Segment Start: GIVEN DATA
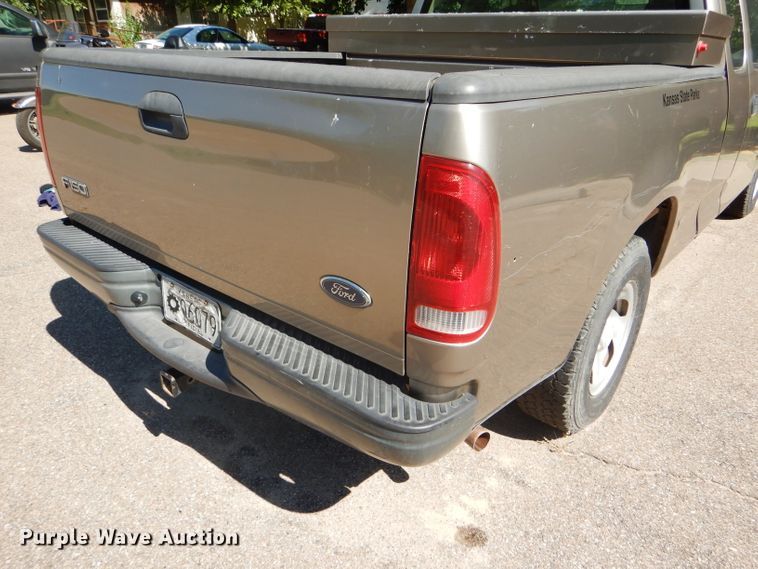 image for item FY9572 2003 Ford F150 XL SuperCab pickup truck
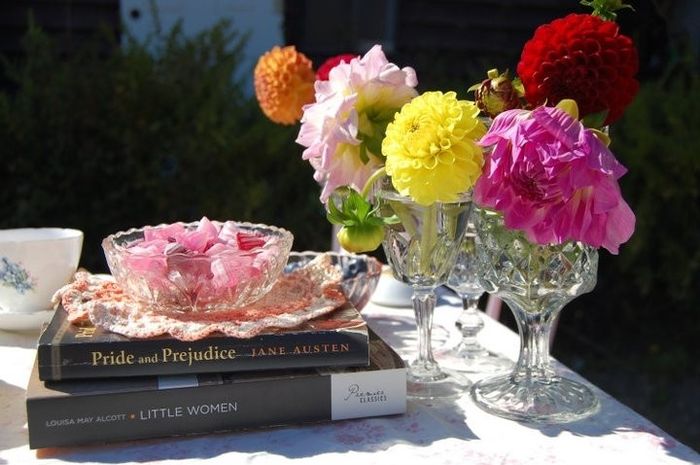 Engagement Party 2.0: Need ideas/suggestions for a Mad Tea Party theme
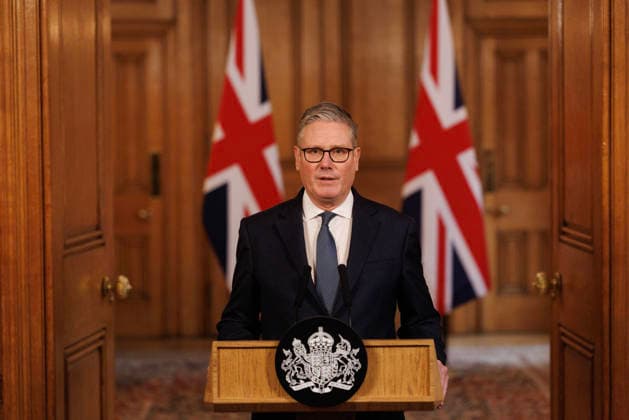 Prime Minister Keir Starmer gives a statement in the Middle-East 28 02 2026. London, United Kingdom. Prime Minister Keir Starmer gives a statement on the situation in the Middle-East from 10 Downing Street., Credit:Simon Dawson Avalon United Kingdom, Greater London, London, 10 Downing Street  Copyright: xSimonxDawsonx xAvalonx 1079065581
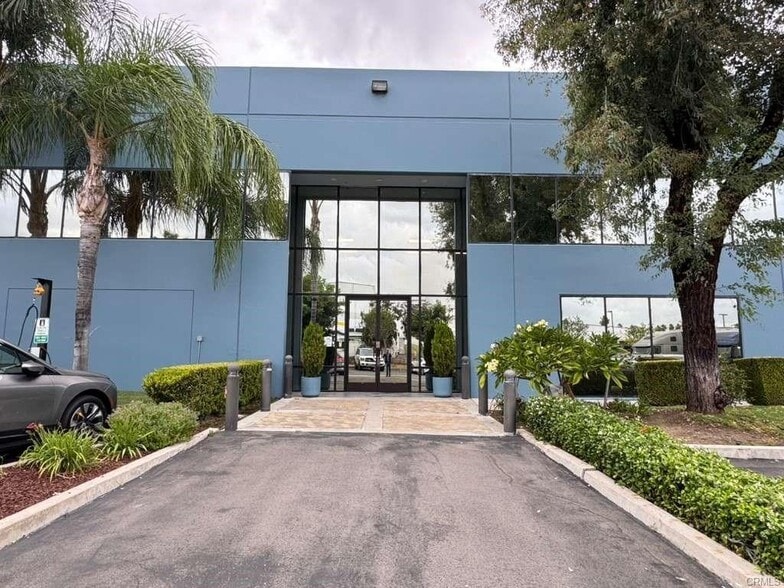 More Photos Of 21007 Commerce Point Dr, Walnut Warehouse For Lease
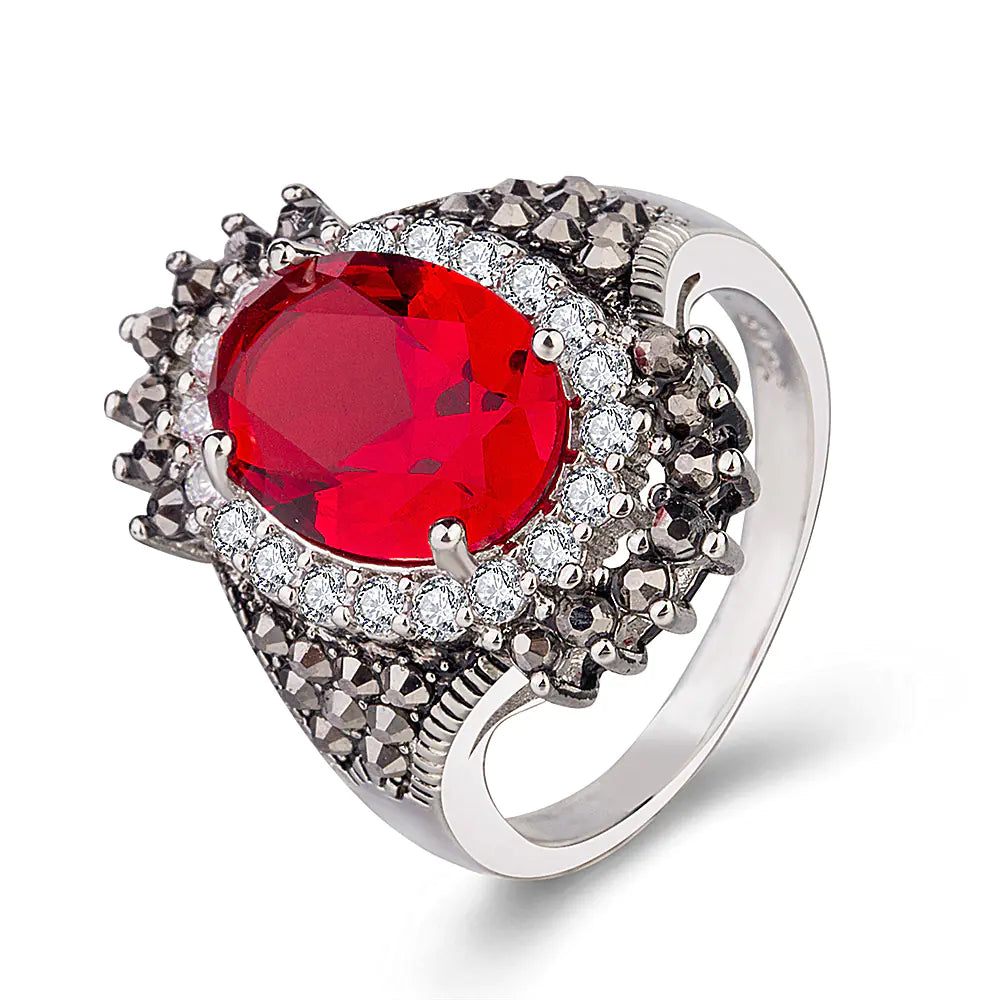 "Handcrafted Vintage Thai Silver Ring with Gemstone – Unique Design"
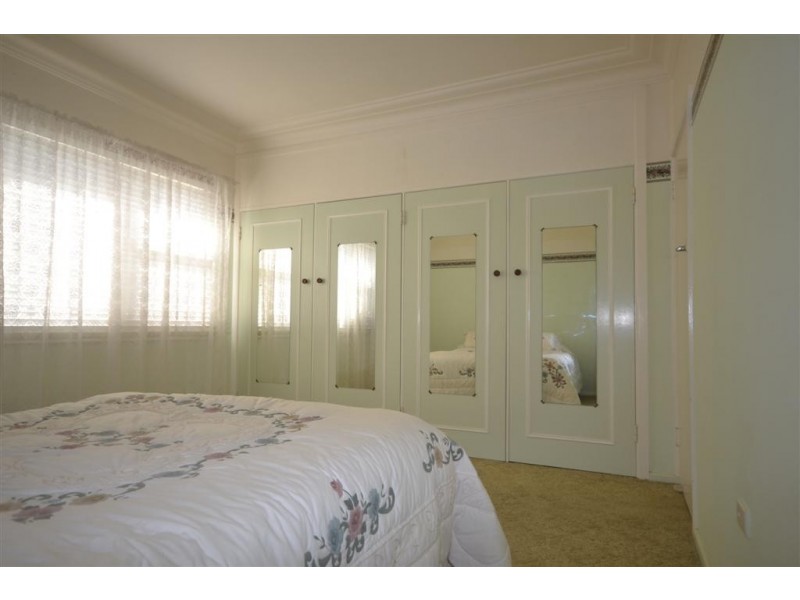 84 Jervis Street, Nowra NSW 2541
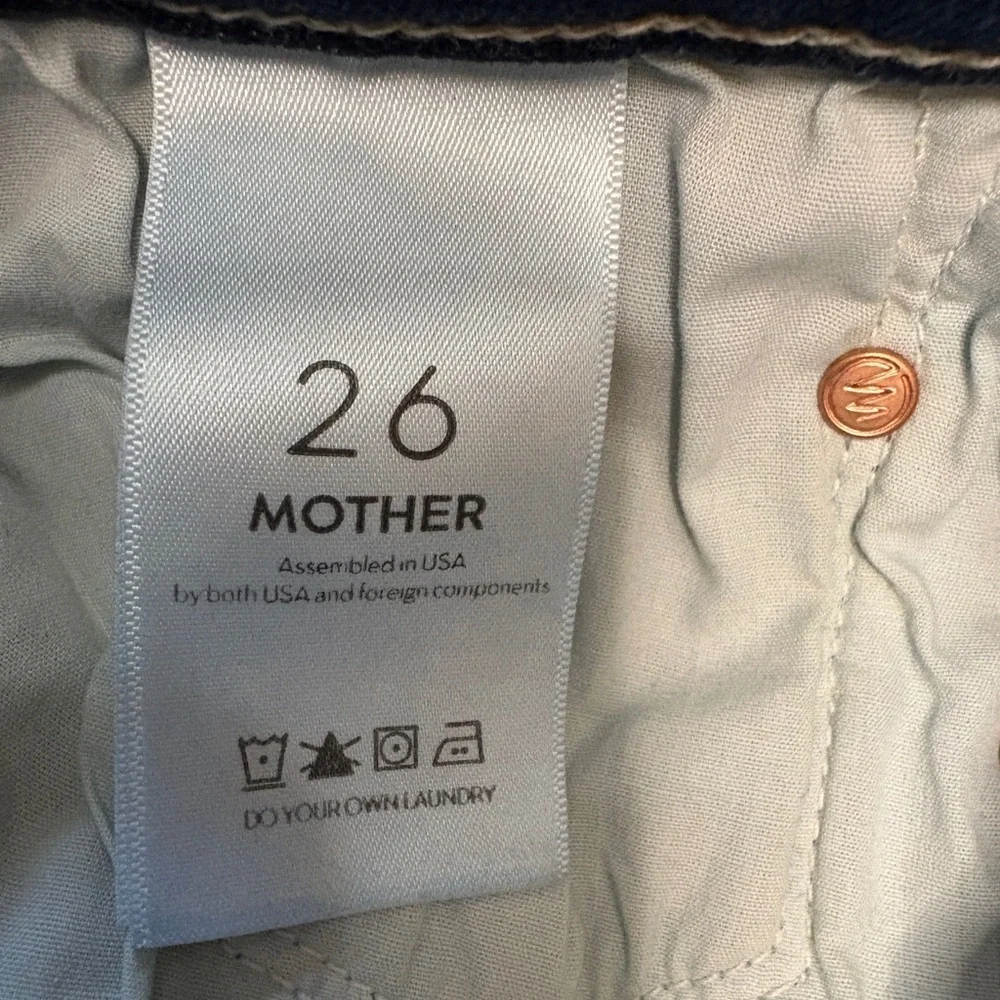 MOTHER The Insider Crop Step Fray in Not Rough Enough Medium Blue Wash Size 26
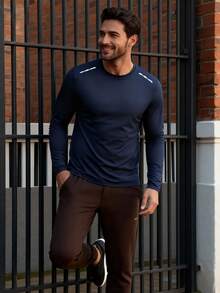男士轻薄圆领长袖套头T恤，适合休闲或运动穿着 - 藍色 - 查看 3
Segment End: GIVEN DATA
◆ **TASK DESCRIPTION**
Start at the top line above and repeat the records verbatim, leaving images out.

◆ **REPLY TO THE EXERCISE**
 image for item FY9572 2003 Ford F150 XL SuperCab pickup truck
 Engagement Party 2.0: Need ideas/suggestions for a Mad Tea Party theme
 Prime Minister Keir Starmer gives a statement in the Middle-East 28 02 2026. London, United Kingdom. Prime Minister Keir Starmer gives a statement on the situation in the Middle-East from 10 Downing Street., Credit:Simon Dawson Avalon United Kingdom, Greater London, London, 10 Downing Street  Copyright: xSimonxDawsonx xAvalonx 1079065581
 More Photos Of 21007 Commerce Point Dr, Walnut Warehouse For Lease
 "Handcrafted Vintage Thai Silver Ring with Gemstone – Unique Design"
 84 Jervis Street, Nowra NSW 2541
 MOTHER The Insider Crop Step Fray in Not Rough Enough Medium Blue Wash Size 26
男士轻薄圆领长袖套头T恤，适合休闲或运动穿着 - 藍色 - 查看 3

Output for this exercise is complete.